The Centre for Judicial Cooperation dedicates its activities to research into the use and impact of judicial interaction developing in the field of fundamental rights in the EU. It aims to put forward explanations for its specific development. It also clarifies what is the potential of judicial interaction for the European and domestic judiciaries and other national and European actors.

One of the fields where the Centre continually investigated the role and impact of judicial interaction is the migration related sectors. In addition to empirical evidence showing the increasing judicial interactions and their impact, the Centre decided to focus on this field due to the social necessity of helping vulnerable people.

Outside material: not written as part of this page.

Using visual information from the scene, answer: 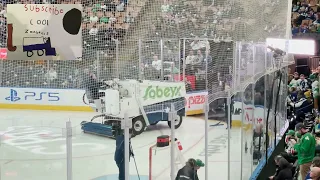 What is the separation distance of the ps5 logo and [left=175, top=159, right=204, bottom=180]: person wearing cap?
7.34m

Another key research field that the Centre has investigated and will continue to do is the role and impact of judicial and legal interaction in data protection. Starting with the CharterClick Project, the Centre has been involved in research focused on the interaction among key national and European actors in this field and the impact of the EU Charter and judicial and legal interaction on legislative development and the enhancement of fundamental rights protection.

Judicial cooperation and judicial interactions have been acquiring importance in the academic environment in the course of the past ten years. This has developed from an elusive, hardly traceable institutional dialogue to a quasi-formalised cooperation required in the European Union under the obligation for mutual recognition provided for by the Treaty on the Functioning of the European Union.

The elusive nature of judicial interactions as well as cooperation have lead academics to discuss: the scope of these notions (e.g. where does dialogue stop, and where does cooperation start?); the classification of the forms of the broadly understood interaction; and the tools and instruments used by judges when they consider the dialogue essential for their practice, as well as the threats and opportunities that come with its use or lack of its use in practice.

According to the Centre’s methodology, judicial interactions are as a set of techniques used by courts, judges and lawyers to promote coherence and coordination (or, at least, to minimize the risk of conflicts) among different legal and judicial systems to safeguard of some constitutional goods that are protected by various levels of governance, namely the national, international and supranational normative layers.

The area of fundamental rights provides a good foundation for research into the role and impact of judicial interactions on institutional relations; the impact of supranational rules on domestic legal systems; and the delivery of justice. It offers the possibility to investigate how and why such interactions are essential within the EU judiciary system.